The alienation he claims to have felt every time he ventured to and from Kot Lakhpat, his neighbourhood, to the primmer localities on either side is powerfully conveyed by means of a bleak presentation. It is wry and sad, in a way reminiscent of Tennessee Williams’ desolate vision of urbanity, that the words Kot Lakhpat can be translated into something like Millionaire Colony or, in a more colloquial vein, Moneybags Junction. The place today is a far cry from the image of great riches its name conjures. Like Williams’ Elysian Fields in A Streetcar Named Desire, which look to Blanche more like ‘the ghoul-haunted woodland of Weir’, the area’s name becomes a bitter little twist in the face of its apparent dereliction.
The urban segregation faced by residents of Kot Lakhpat is also alluded to by means of an installation symbolizing the open sewer that ropes the town off from the rest of the city, giving it a state almost of quarantine. John placed two bathtubs in the centre of the room, one filled to its crusty brim with black oil and the other facedown, with a sharply glistening red plastic Christmas tree jutting from one end of it. Side by side, the tubs with their arcane offerings looked at once inviting and menacing. The tar-filled tub, meant to be seen as a small sample of the aforementioned sewage canal, was like an obdurate glass, revealing nothing but what is cast upon it – in this case, a partial view of the tree and the window behind it. Usman Saeed – artist and writer, and curator in his own right – commented on how John’s installation, in triggering olfaction as part of the experience (for the strong smell of oil hit you as soon as you entered the gallery), reminded him of Richard Wilson’s 20:50, a permanently installed work at the Saatchi Gallery in Chelsea that allows viewers to walk through an entire floor filled with recycled engine oil. The oil’s opaque, unyielding surface mirrors its architectural surroundings with torturing exactness, awing and disorienting viewers. The reflecting tub, as part of John’s installation, does something similar by padding the experience with an additional layer.

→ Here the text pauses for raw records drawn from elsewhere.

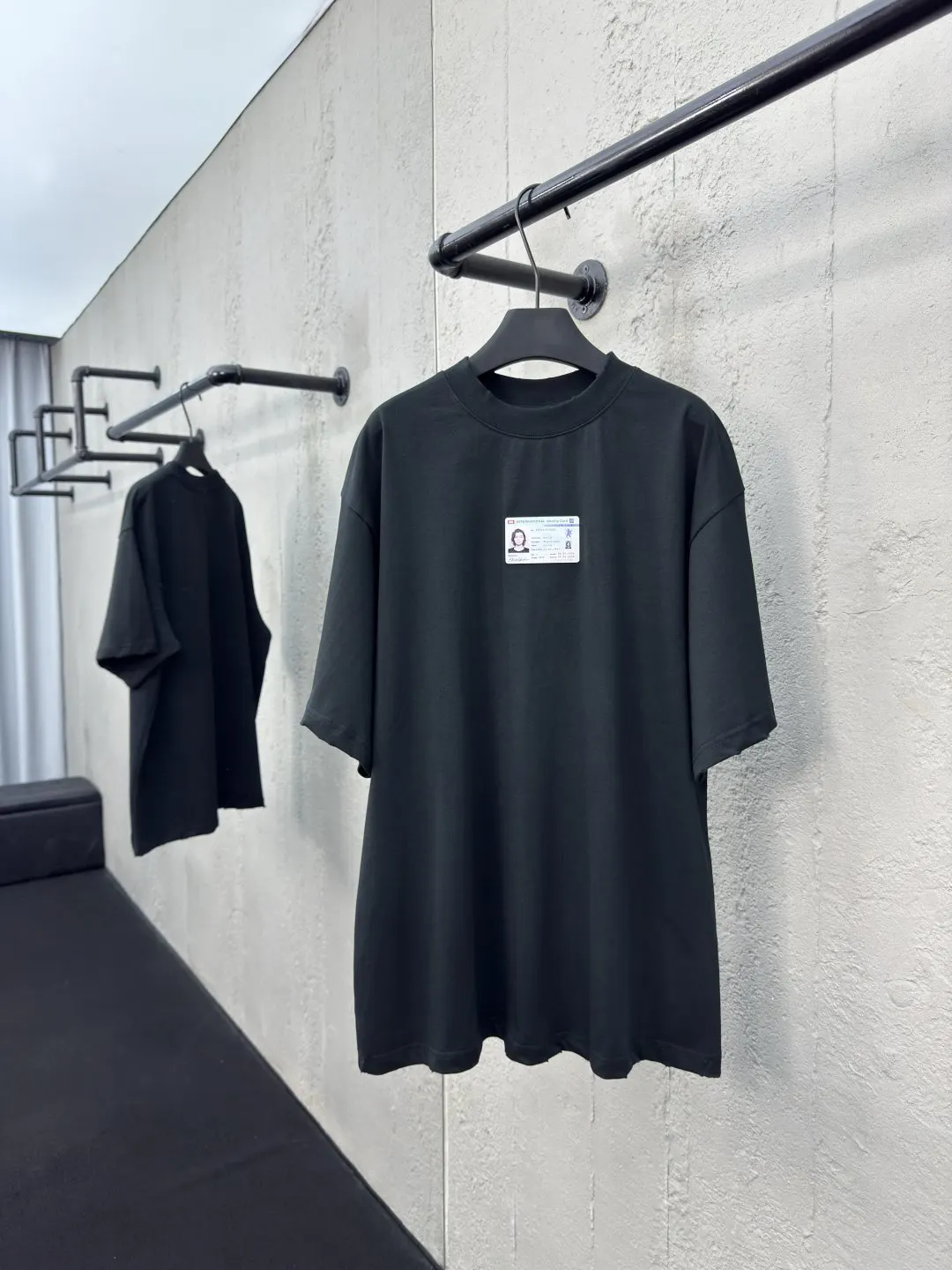 Balenciaga 黑色 純棉 短袖T恤 街頭休閒款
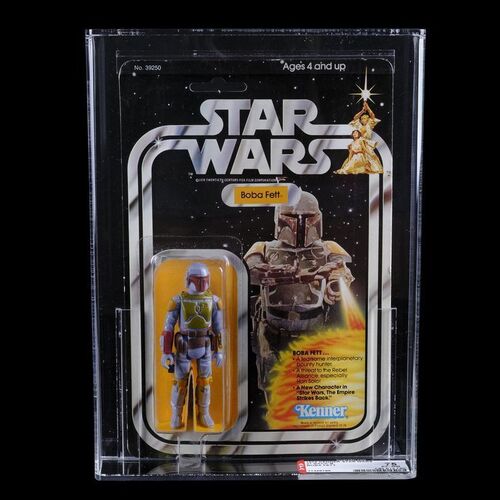Lot #385: STAR WARS: A NEW HOPE (1977) - Boba Fett SW21B AFA 75 Action Figure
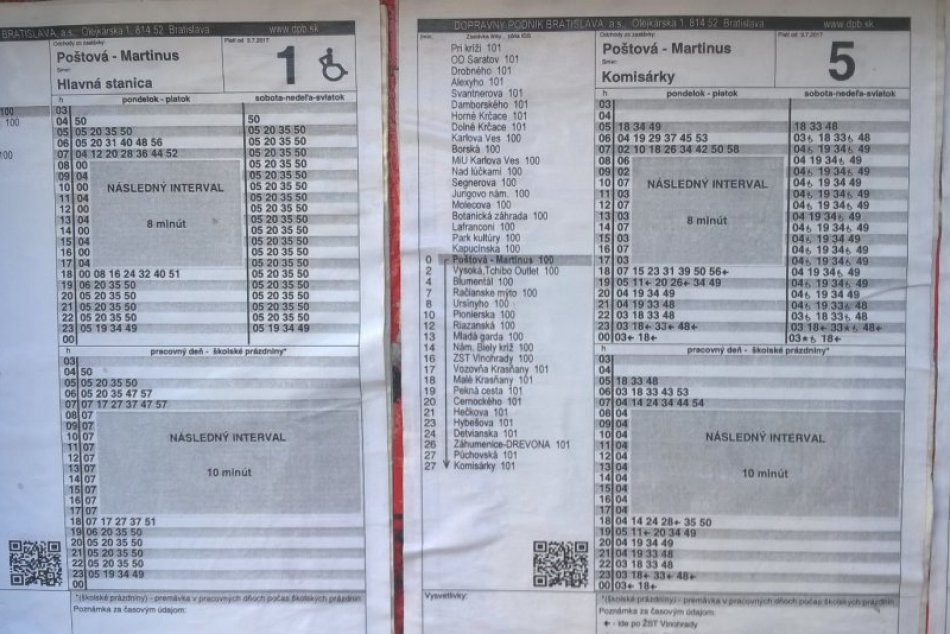 Ilustračný obrázok k článku HLASUJTE: Vyhovuje vám nový formát cestovných poriadkov na zastávkach?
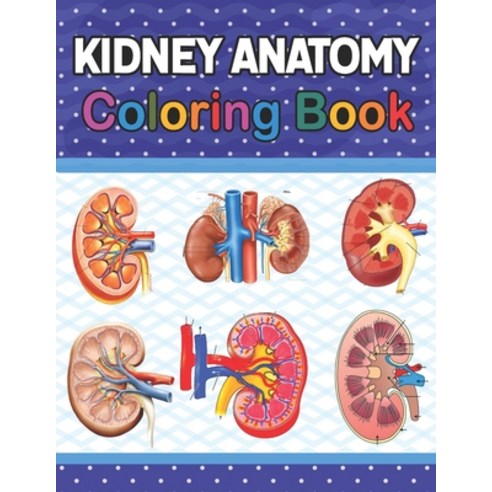 Kidney Anatomy Coloring Book: Fun and Easy Human Kidney Anatomy Coloring Book. Learn The Human Kidne... Paperback, Independently Published, English, 9798709506565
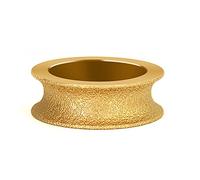 KFGISD, Meule diamantée brasée sous vide, demi-rond, alésage 75 mm x 20 mm,Outils abrasifs(20mm)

[quote]Despite addressing religious persecution and social discrimination, John’s work is at its core intensely quiet and introspective[/quote]
What I consider the most significant aspect of John’s work, however, is that despite addressing religious persecution and social discrimination, and addressing them with something as sonorous as scripture, it is at its core intensely quiet and introspective. He may have had a particular geographic division in mind when he set about sooting the gallery walls but he succeeded in imparting, like a good poem, alienation and insecurity we have all felt at some points in our lives, and mixed feelings of love and resentment for places we belong to yet long to leave. The Christmas tree, to those who wish to read it as such, can be a reminder of the demonic attack on Joseph Colony last year, a reminder of the silent suffering of Christians in Pakistan. But standing like it did in the midst of that charcoal plantation, twinkling like a faery glen, it was so much more than a bounded reference. It was colour marooned in gloom. It played lambently upon the image of the sludging sewer. It was art in the face of every situation detrimental to creativity. I do think it symbolized miracles.